Overview
In this beginner project you will connect an INMP441 I2S digital microphone to the ESP32 and read audio samples using the I2S peripheral. A loud clap produces a large amplitude spike. When the peak amplitude exceeds a threshold, a relay toggles on or off. No internet connection is needed. The Serial Monitor prints the current peak amplitude every 100 ms so you can calibrate the clap threshold for your room.
Components
- 1× ESP32 DevKit V1
- 1× INMP441 I2S microphone module — Digital microphone; 3.3 V; much better noise floor than analog mics
- 1× 5 V single-channel relay module — Controls mains appliance
- 1× LED and 220 ohm resistor — Relay state indicator
- 1× Breadboard and jumper wires
Wiring
| Component Pin | ESP32 Pin | Notes |
|---|---|---|
| INMP441 SCK | GPIO 14 | I2S bit clock |
| INMP441 WS | GPIO 15 | I2S word select (L/R clock) |
| INMP441 SD | GPIO 32 | I2S serial data |
| INMP441 L/R | GND | Select left channel |
| INMP441 VCC | 3.3 V | |
| INMP441 GND | GND | |
| Relay IN | GPIO 26 | Active LOW relay module |
| LED anode | GPIO 25 | 220 ohm to GND |
Arduino Code
// ESP32 Voice-Controlled Relay - Beginner
// INMP441 I2S mic; clap detection toggles relay
#include <driver/i2s.h>
const i2s_port_t I2S_PORT = I2S_NUM_0;
const int RELAY = 26;
const int LED = 25;
const int CLAP_THRESHOLD = 50000; // tune from Serial output
bool relayState = false;
void i2sInit() {
i2s_config_t cfg = {
.mode = (i2s_mode_t)(I2S_MODE_MASTER | I2S_MODE_RX),
.sample_rate = 16000,
.bits_per_sample = I2S_BITS_PER_SAMPLE_32BIT,
.channel_format = I2S_CHANNEL_FMT_ONLY_LEFT,
.communication_format = I2S_COMM_FORMAT_STAND_I2S,
.intr_alloc_flags = ESP_INTR_FLAG_LEVEL1,
.dma_buf_count = 4,
.dma_buf_len = 256,
.use_apll = false
};
i2s_pin_config_t pins = {
.bck_io_num = 14,
.ws_io_num = 15,
.data_out_num = I2S_PIN_NO_CHANGE,
.data_in_num = 32
};
i2s_driver_install(I2S_PORT, &cfg, 0, NULL);
i2s_set_pin(I2S_PORT, &pins);
}
int32_t peak(int32_t *buf, size_t n) {
int32_t mx = 0;
for (size_t i = 0; i < n; i++) {
int32_t v = abs(buf[i] >> 8); // shift 32-bit sample to useful range
if (v > mx) mx = v;
}
return mx;
}
void setup() {
Serial.begin(115200);
pinMode(RELAY, OUTPUT); digitalWrite(RELAY, HIGH); // relay off
pinMode(LED, OUTPUT); digitalWrite(LED, LOW);
i2sInit();
}
void loop() {
int32_t samples[256];
size_t bytesRead = 0;
i2s_read(I2S_PORT, samples, sizeof(samples), &bytesRead, portMAX_DELAY);
size_t count = bytesRead / sizeof(int32_t);
int32_t p = peak(samples, count);
Serial.printf("Peak: %dn", p);
if (p > CLAP_THRESHOLD) {
relayState = !relayState;
digitalWrite(RELAY, relayState ? LOW : HIGH);
digitalWrite(LED, relayState ? HIGH : LOW);
Serial.printf("Relay: %sn", relayState ? "ON" : "OFF");
delay(500); // debounce: ignore echoes for 500 ms
}
}How It Works
I2S Digital Microphone: The INMP441 converts acoustic pressure to a 24-bit digital value using a MEMS capsule and built-in sigma-delta ADC. Data is clocked out serially on the SD pin, framed by the WS (word select) and SCK (bit clock) lines. The ESP32 I2S peripheral reads the data stream directly into a DMA buffer without CPU involvement.

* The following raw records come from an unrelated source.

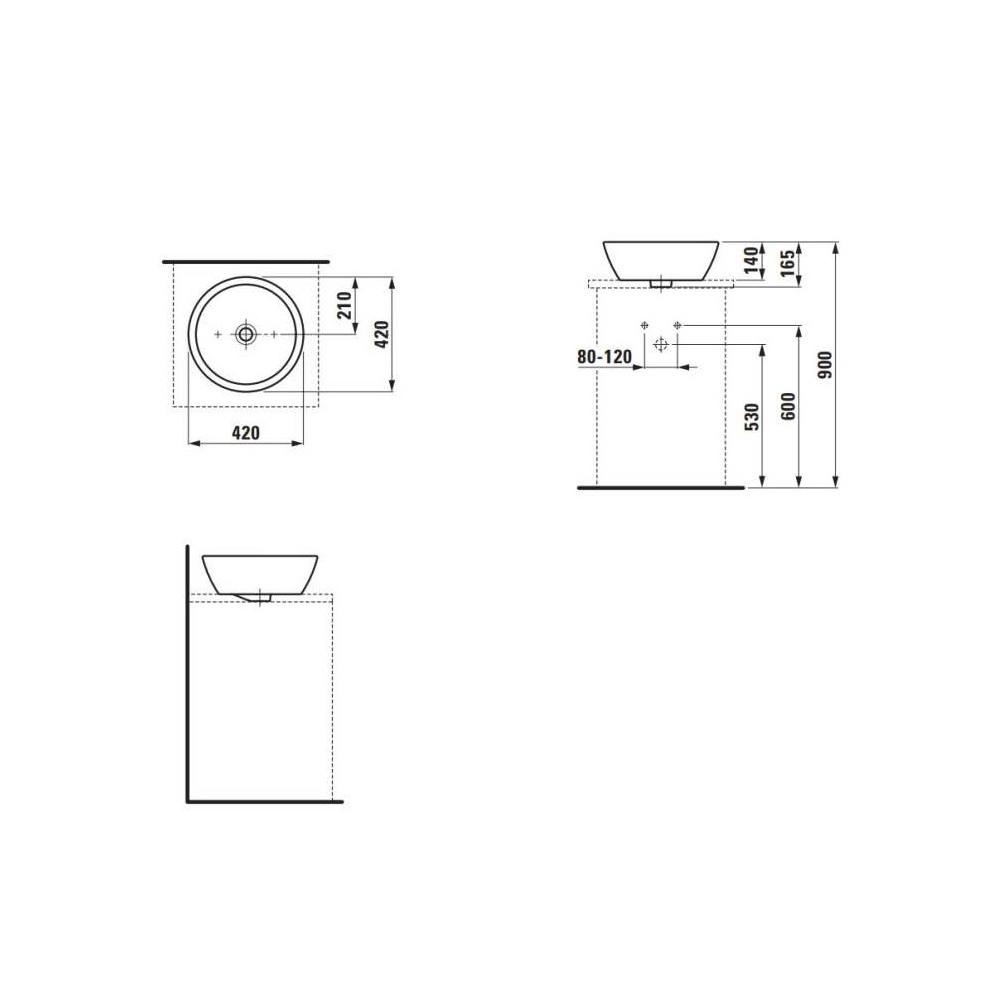 Laufen Pro umivaonik (lavabo) 42x42x16,5 nadgradni sa prelivom okrugli 8.1296.2.000.109.1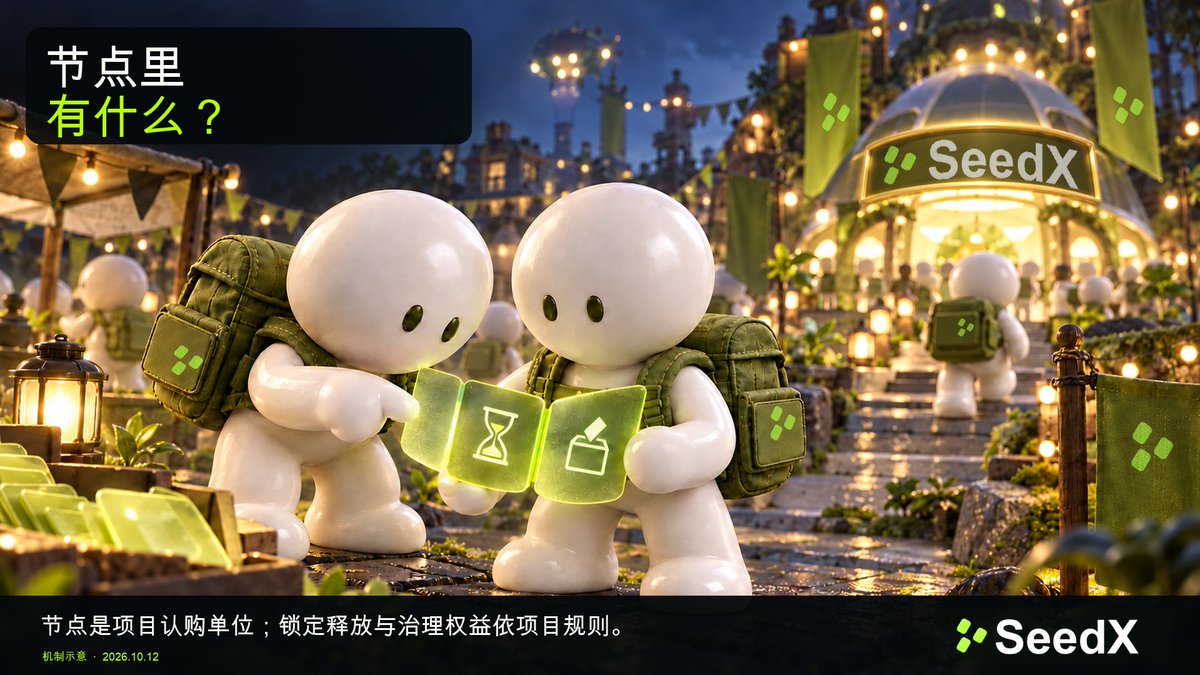 SeedX_CN's tweet photo. 小白人打开节点规则卡,先看到的不是收益数字,而是锁定时间和治理权。SeedX 节点是项目认购单位,具体权益依项目规则;它不是股权,也不保证收益。参与前,你会先看哪条规则?#SeedX #AI #Crypto https://t.co/SpLGAX4V7C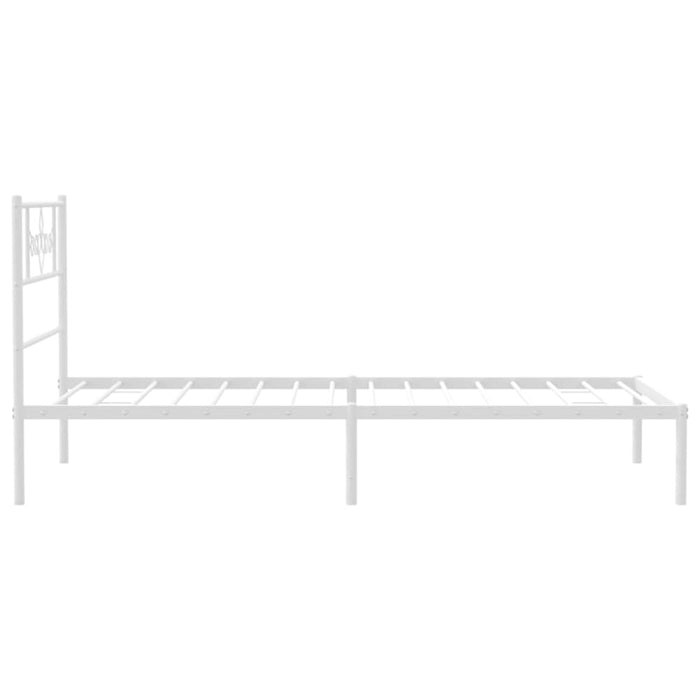 King Single Size Metal Bed Frame with Headboard White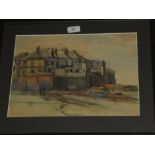 Artist Unknown - watercolour Coastal cottages, indistinctly signed,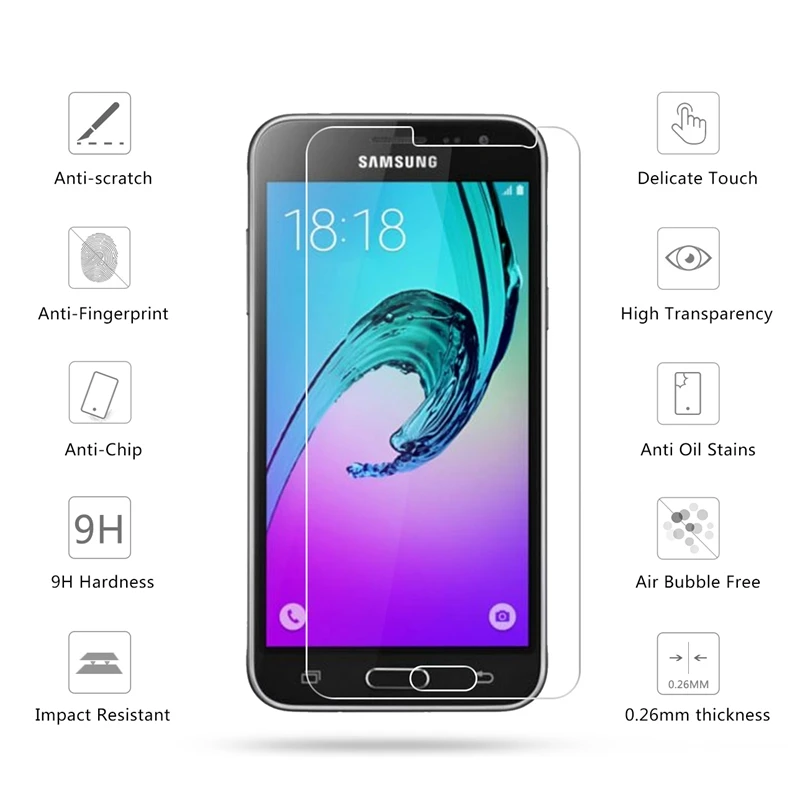 2.5D 0 26 мм 9H Премиум Закаленное стекло для Samsung GALAXY J3 J300 J3000 J300F Защитная пленка *|glass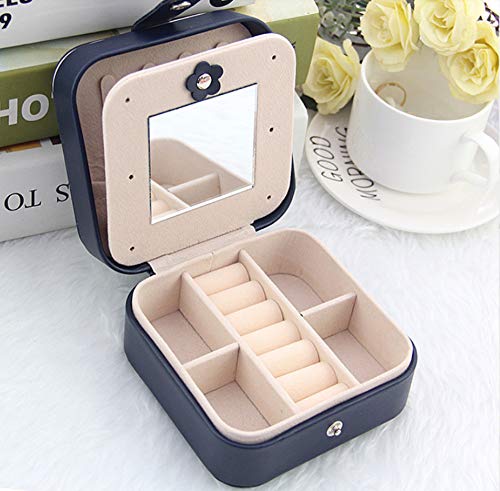 Preisvergleich Produktbild SALLYSKY Tragbare Prinzessin Schmuckschatulle Reise Ohrringe Ohrstecker Ring Hand Schmuck Aufbewahrungsbox Kleine Einfache 11 * 11 * 5,8 cm, B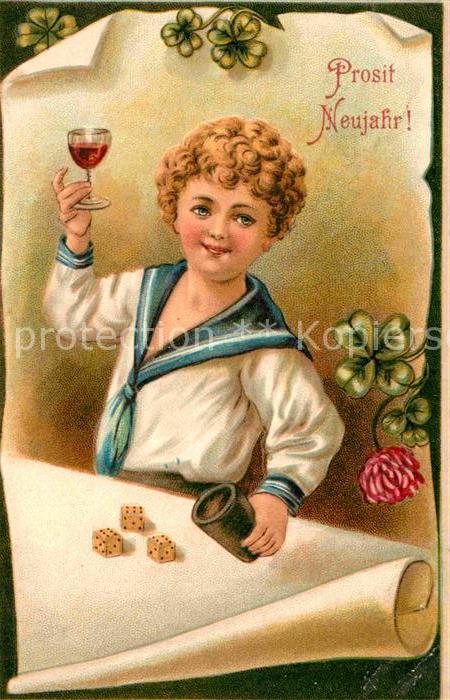 Wuerfelspiel Kind Neujahr Wein Litho Kleeblatt Litho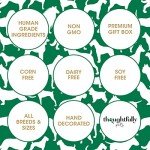 Thoughtfully Pets, Holiday Dog Gourmet Cookies Gift Set, Hand Decorated and Human Grade Ingredients, Crunchy Dog Biscuit Variety Pack Includes Bone Shaped Holiday Themes, 8 Piece Set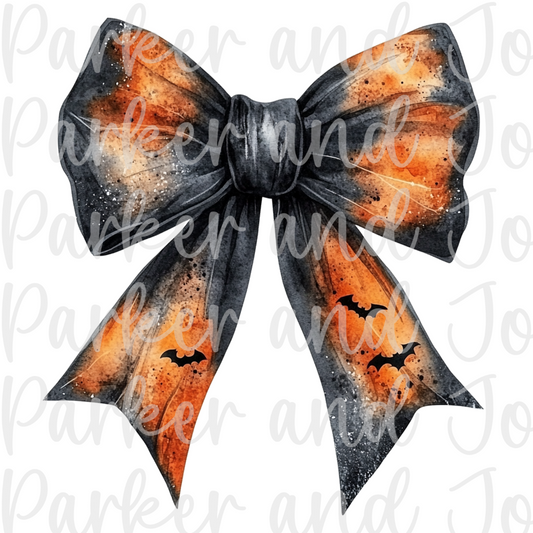 Halloween Bats Watercolor Coquette Bow PNG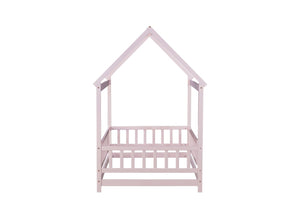 English Elm Twin Size House Floor Bed With Charming Roof Frame, Safety Guardrails & Soft Pink Finish For Kids W504P286405-GIGA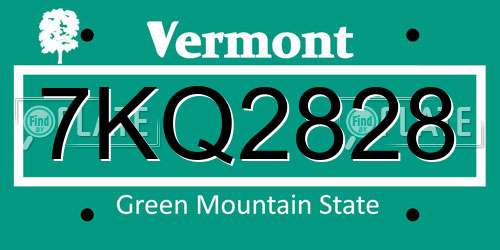 7KQ2828 Vermont License Plate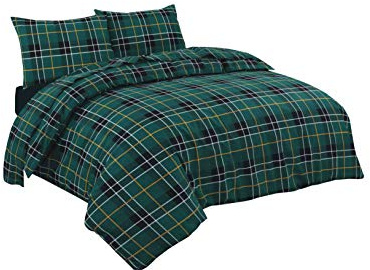 NZ Tartan Check Luxurious Flannel 100% Natural Brushed Cotton Thermal Duvet Cover Sets Reversible Bedding Sets (Green, 3pcs, Double)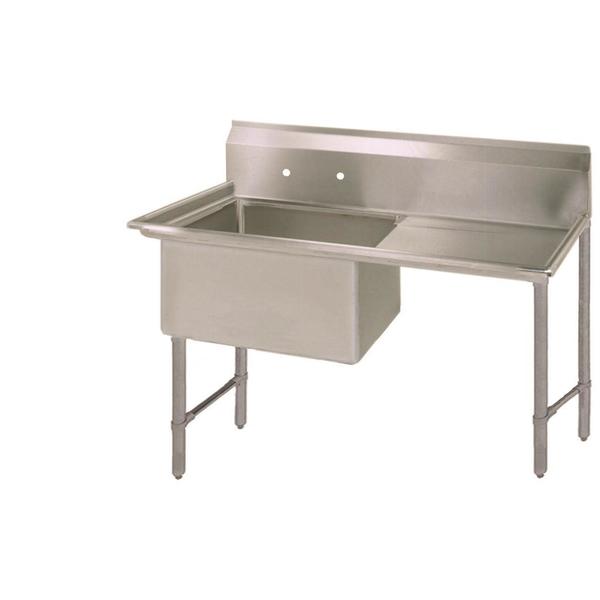 29.5 in W x 52.1875 in L x Free Standing,  Stainless Steel,  One Compartment Sink 16 Gauge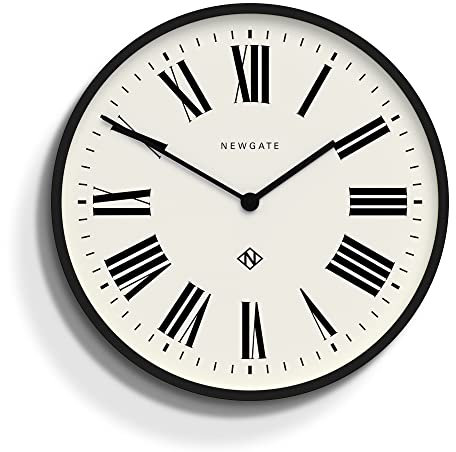 NEWGATE® Number Three Italian wall clock | Modern round clock | 37cm | Black | Roman numerals | Ideal for kitchen, living room or office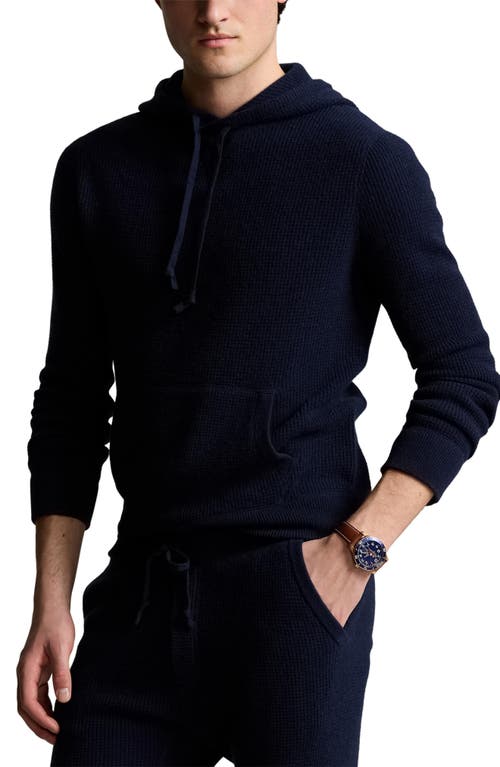 Shop Polo Ralph Lauren Waffle Knit Cashmere Hoodie In Hunter Navy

Peak Amplitude Detection: Each 32-bit I2S sample is right-shifted by 8 bits to bring the 24-bit audio value into a useful integer range. The peak() function scans 256 samples (16 ms of audio at 16 kHz) and returns the largest absolute value. A clap produces a brief, very large peak.
Relay Toggle Logic: When peak amplitude exceeds CLAP_THRESHOLD, the relay state is toggled (on to off, or off to on). A 500 ms delay after each trigger prevents the acoustic echo of the same clap from re-triggering immediately.
Threshold Calibration: Run the sketch and observe the Serial Monitor. Background noise in a quiet room typically produces peaks under 5000. A hand clap 1 metre away produces peaks of 80,000-200,000. Set CLAP_THRESHOLD to approximately twice the background noise peak.
Applications
- Clap-controlled bedroom light switch
- Hands-free relay toggle for accessibility aids
- Sound-activated party light controller
- Loud-noise alarm trigger for industrial applications
Troubleshooting
I2S read returns all zeros
Verify INMP441 L/R pin is connected to GND to select the left channel. Also check that SCK, WS, and SD wiring matches the i2s_pin_config_t exactly. A floating SD pin reads zero continuously.
Relay triggers on background sounds
Increase CLAP_THRESHOLD. Read the Serial Monitor in a quiet room for 30 seconds and note the maximum background peak, then set the threshold 3-5 times above that value.
Relay triggers twice per clap
Increase the debounce delay from 500 ms to 800 ms. The first trigger fires on the clap transient and the second may fire on the room echo reflecting back to the microphone.
INMP441 module gets warm
The INMP441 draws approximately 1.4 mA; it should not get warm. Warmth indicates incorrect voltage: some modules are 5 V only. Verify the module VCC is connected to 3.3 V.
Upgrades
- Add a double-clap pattern: only toggle if two peaks occur within 400 ms
- Add an OLED display showing current relay state and peak level bar graph
- Add multiple relay channels triggered by 1, 2, or 3 claps
- Upgrade to ESP-SR wake-word detection for a named voice command
FAQ
You need an ESP32 DevKit, INMP441 SCK, INMP441 WS, a breadboard, jumper wires, and a USB cable for power and programming.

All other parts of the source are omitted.